-- Data shown follows --

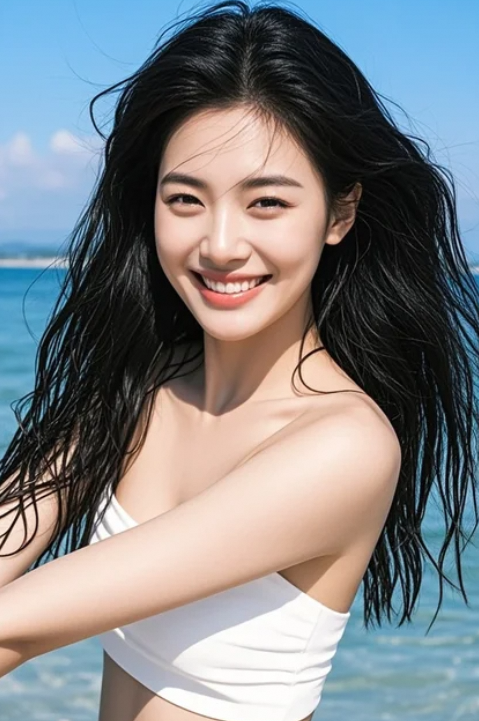 美女的笑容太治愈，看一眼烦忧就自动消散！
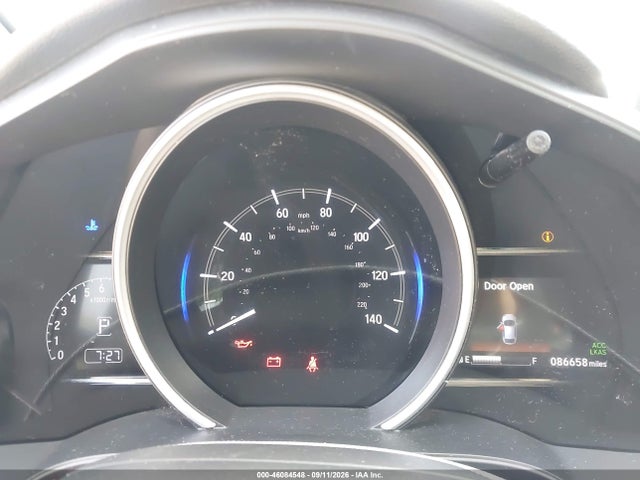 2019 Honda Fit Ex მანქანა იყიდება აუქციონზე, vin: 3HGGK5H86KM722087, აუქციონის ნომერი: 46084548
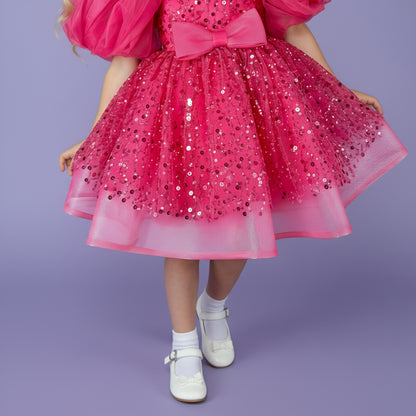 Lily Feestjurk | Fuchsia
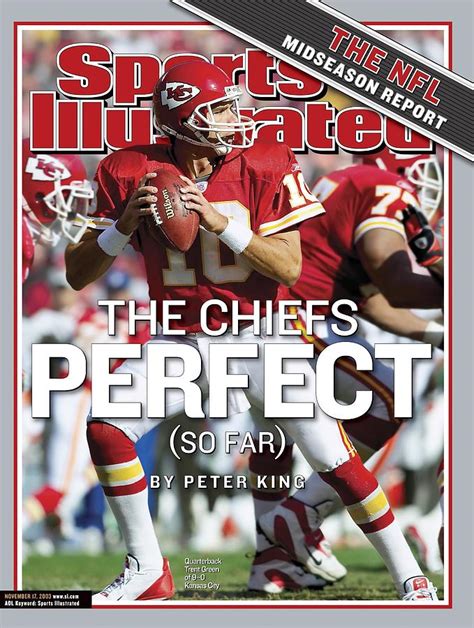 Kansas City Chiefs Qb Joe Sports Illustrated Cover By Sports Illustrated Ubicaciondepersonas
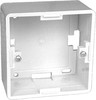 Surface mounted housing for flush mounted switching device  6690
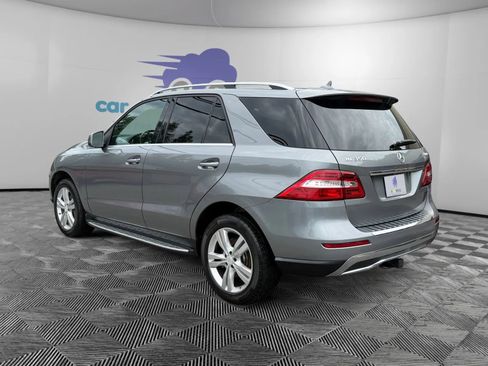 Used 2013 Mercedes-Benz ML 350 4MATIC image 3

-- Data shown concluded --

-- Work task --
This task asks for the data above repeated exactly, without a single picture.

-- Problem solution --
 美女的笑容太治愈，看一眼烦忧就自动消散！
 2019 Honda Fit Ex მანქანა იყიდება აუქციონზე, vin: 3HGGK5H86KM722087, აუქციონის ნომერი: 46084548
 Lily Feestjurk | Fuchsia
 Kansas City Chiefs Qb Joe Sports Illustrated Cover By Sports Illustrated Ubicaciondepersonas
 Surface mounted housing for flush mounted switching device  6690
 Used 2013 Mercedes-Benz ML 350 4MATIC image 3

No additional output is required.